Shane Tomlinson
Shane Tomlinson
Former Senior Research Fellow, Energy, Environment and Resources
Rob Bailey
Research Director, Energy, Environment and Resources
Paris marked a watershed for action on climate change. Though not perfect, the outcome will send a clear signal to business and investors to prepare for a lower carbon future.
Ministers celebrate the adoption of a historic global warming pact at the COP21 Climate Conference in Paris. Photo via Getty Images.Ministers celebrate the adoption of a historic global warming pact at the COP21 Climate Conference in Paris. Photo via Getty Images.

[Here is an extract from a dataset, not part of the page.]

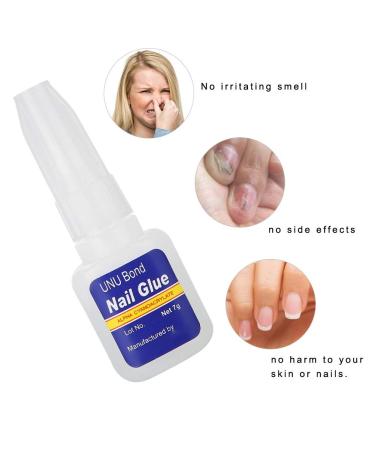 Premium 7g Nail Glue - Professional DIY Nail Polish Adhesive for Art Foil & Rhinestones - International Shipping - Buy Online on GoSupps.com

The two-week COP 21 conference ended on Saturday 12 December with a legal agreement covering 195 countries. It is not the perfect agreement that many wished for, though few, if any expected. The agreement aims to limit global temperature rises to ‘well below 2 degrees Celsius’, however the pledges submitted by governments to reduce emissions put the world on track for around 3 degrees Celsius. While signalling the continued mobilization of climate finance to assist developing countries reduce their emissions and adapt to climate change, the deal leaves open important questions about how much, by when and for what. And while the negotiations made progress on the critical issue of transparency, much remains to be done for strong monitoring, reporting and verification of national actions and emissions to be achieved.

These imperfections should come as no surprise. This was a complex negotiation between almost 200 governments; the need for compromise meant any notions of perfection were discarded years ago. The outcome is flawed, but it still represents an immense achievement. The negotiations were unlike any that had come before in the UNFCCC’s 20-plus years. There was a sense of shared purpose, of real negotiation and compromise rather than recalcitrance and retrenchment. Given that there is so much to improve upon, one can only hope that this spirit endures.

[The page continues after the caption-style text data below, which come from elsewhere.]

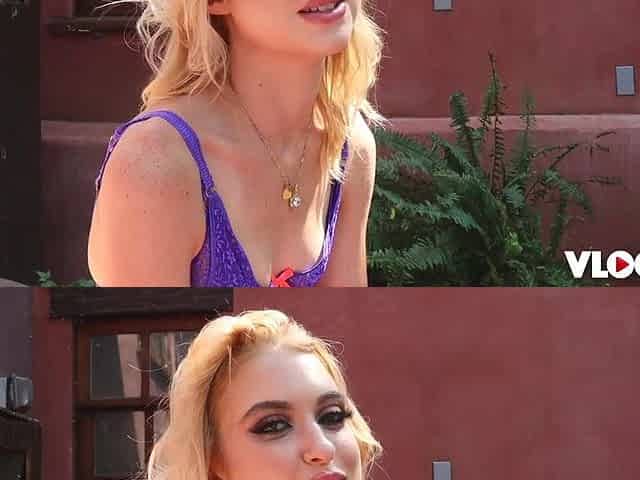 Small Blond Chloe Cherry Moist Vagina Gets Drilled In A BTS Scene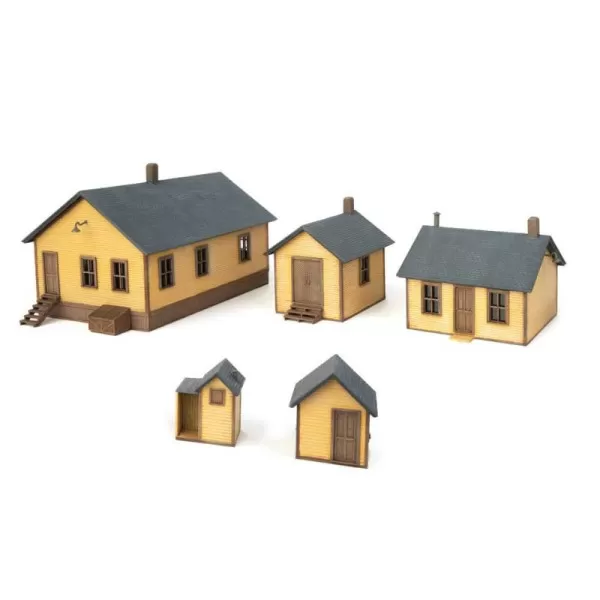 Wooden Works Buildings Mixed pack of 5 OO Cornerstone 933-4060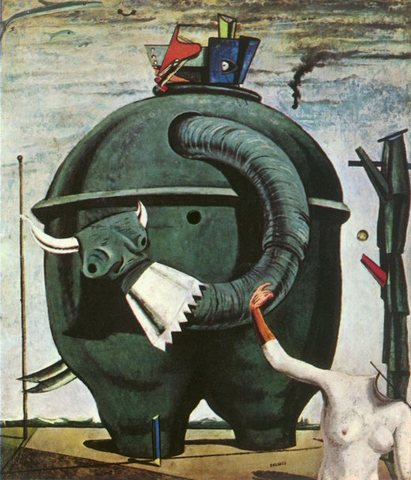 Dadaizm Słoń Celebes Max Ernst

Much of the credit for this must go to the French presidency, which provided a masterclass in diplomacy. After the debacle of Copenhagen six years ago, the French worked tirelessly both in the build up to, and during, the conference, to win the trust of all the key countries. This included significant personal investments by President François Hollande, who made COP21 a major foreign policy priority, and Foreign Minister Laurent Fabius, who presided as the COP president.

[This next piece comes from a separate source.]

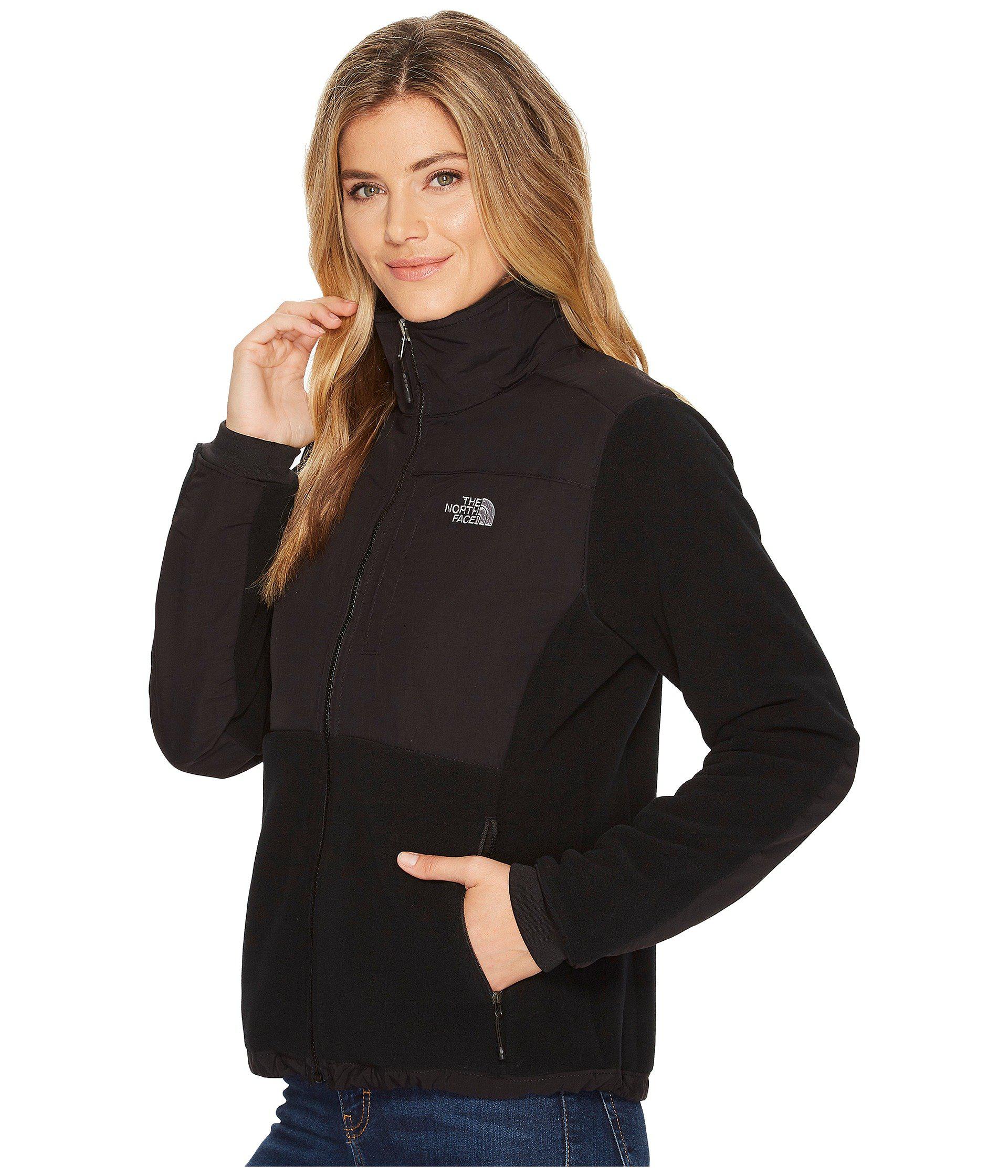 the north face denali 2 jacket in black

It is important to recognize and celebrate the success of the Paris outcome, but it is equally important to be honest about the work that still needs to be done. Returning to the most glaring imperfection – the gap between the emissions cuts pledged by countries and those needed to keep warming below 2 degrees Celsius – the agreement seeks to address this through a process in which governments make new, more ambitious pledges every five years in the hope of incrementally closing the gap. However the first cycle would be in 2025 – five years after implementation of the agreement. This is too late for a decent chance of achieving the 2 degrees goal, as global emissions would need to have peaked in the intervening period.

Recognizing that near-term ambition needs to increase if the 2 degrees goal is to be kept alive, governments will therefore enter into an ambiguously termed ‘facilitative dialogue’ in 2018 with a view to ‘communicate or update’ their current pledges in 2020. On the one hand, this places them under no obligation to increase their current pledges. On the other, it gives them the opportunity to do so if they wish to, and a major hook for civil society to mobilize around.

Governments like to set distant targets they cannot be held accountable for.  Ultimately, the test of whether they are genuinely serious about the 2 degrees goal will be whether they use the upcoming 2020 moment to make a collective, material upward revision in ambition consistent with the need for a near-term peak in emissions. For this to happen, Paris’s political momentum will need to be maintained.

In the meantime, governments must move quickly to convert their Paris contributions into national policy and legislation for delivery on the ground: five years of successful decarbonization will make it more straightforward to raise ambition again in 2020. For the EU this means progress on the 2030 energy package and the creation of the Energy Union. For China it requires clear action in the 13th Five Year Plan which is due to be announced in the coming months. For the United States, continued presidential support will be necessary to implement its contributions, meaning that next year’s election will be vital for continued climate action. If these major emitters are unwilling to demonstrate greater ambition come 2020, few others are likely to do so.